- Born: 22 March 1910 Auckland, New Zealand
- Died: 1 November 2009 (aged 99) New Zealand
- Known for: Ceramic artist

= June Black =

New Zealand ceramic artist and painter

June Black (22 March 1910 – 1 November 2009) was a New Zealand ceramic artist and painter.

== Early life ==
Black was born in Auckland in 1910. Her parents, Lesley and Hermia, emigrated to America when she was six months old. By 1927 her parents' marriage had ended and Hermia, Black and her sister Faith returned to New Zealand to live in Auckland. Black married Robert Frank in 1932 and they moved to Christchurch. She had three children, one tragically lost to cot death.

== Education ==
Black briefly attended Auckland University’s Elam Art School at the age of 16 but it wasn't until 1952 and living in Wellington that she took pottery classes with Helen Mason at the Petone Polytechnic.

== Career ==
Black started her art career in her 40s after personal tragedy. After the death of her first child, she went on to have two more children, but a series of operations left her with a double mastectomy and her husband Robert Frank no longer found her attractive.
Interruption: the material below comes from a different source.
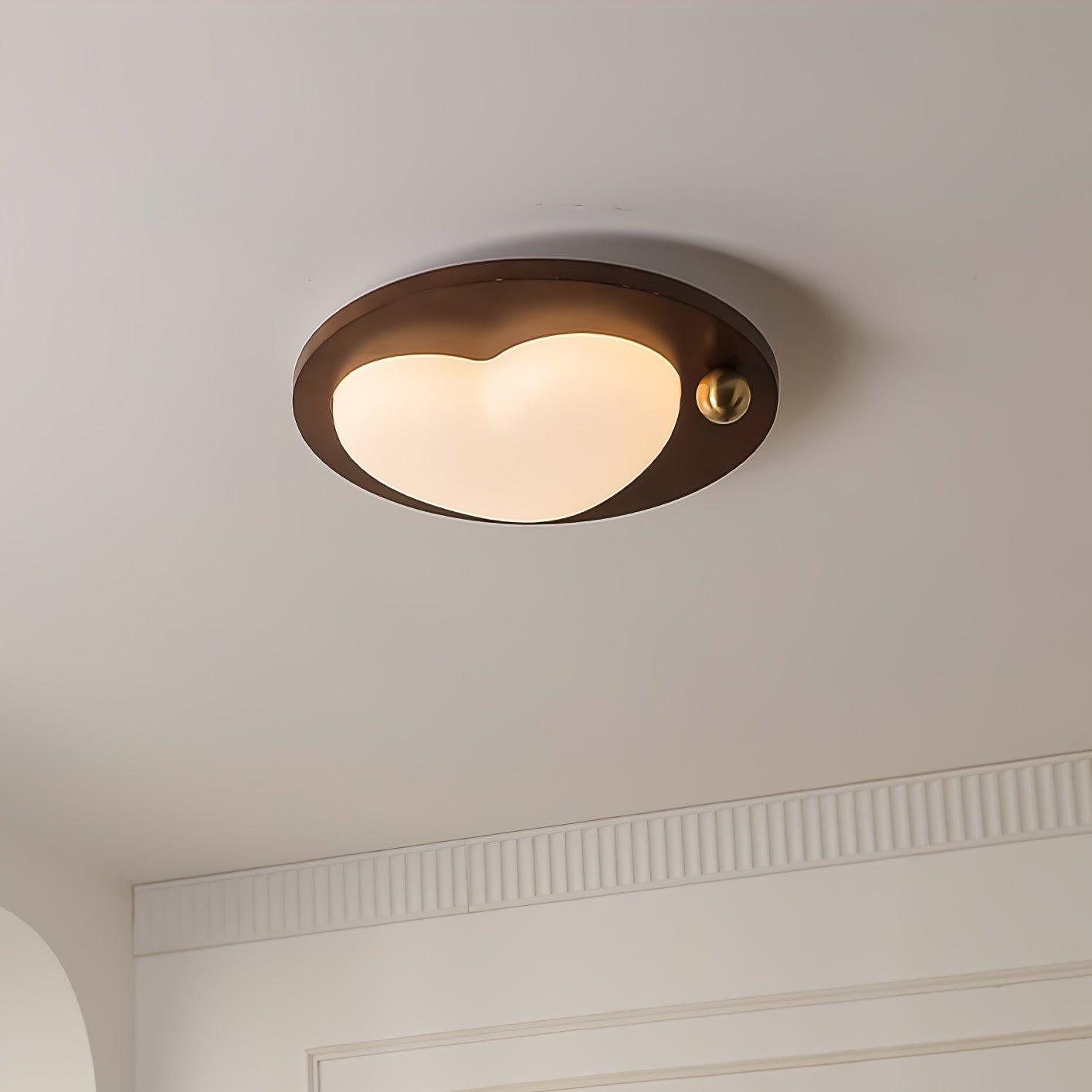 Ivaren Premium Nordic Art Wood Ceiling Light - Letslighting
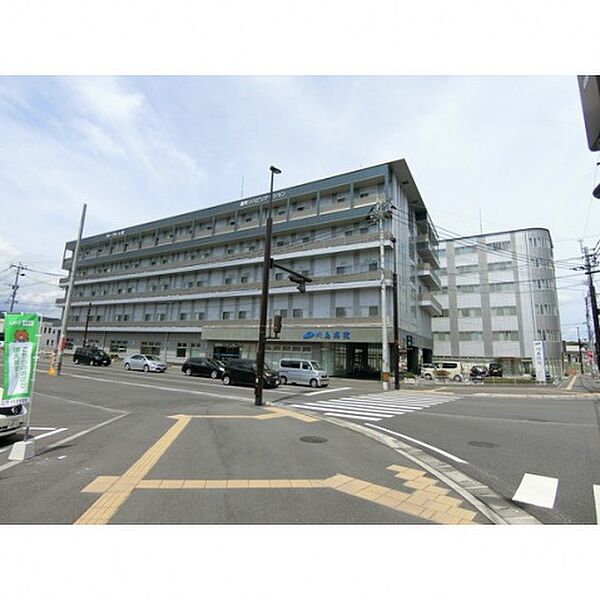 画像28:川島病院(病院)まで240m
Black went on to have a successful career as an artist with her original ceramics and paintings. Her works were shown alongside well known New Zealand artists Rita Angus and Colin McCahon in the 1950s and 60s. She exhibited at the Architectural Centre Gallery in Wellington, Christchurch’s Gallery 91 and New Vision gallery in Auckland. Her work was also exhibited in international shows, including shows held in Washington D.C. and in Australia. She also exhibited in the New Zealand Academy of Fine Arts exhibition Academy Women; a century of inspiration. This exhibit celebrated 100 years of women's art in New Zealand. Black had a passion for fashion and incorporated this into her artworks. She was a founding member of Ceramics New Zealand.

June Black died at the age of 99 on 1 November 2009. Her archives are held at the E H McCormick Research Library, Auckland Art Gallery Toi o Tāmaki.

Her daughter, Sheridan Keith, is a notable New Zealand writer.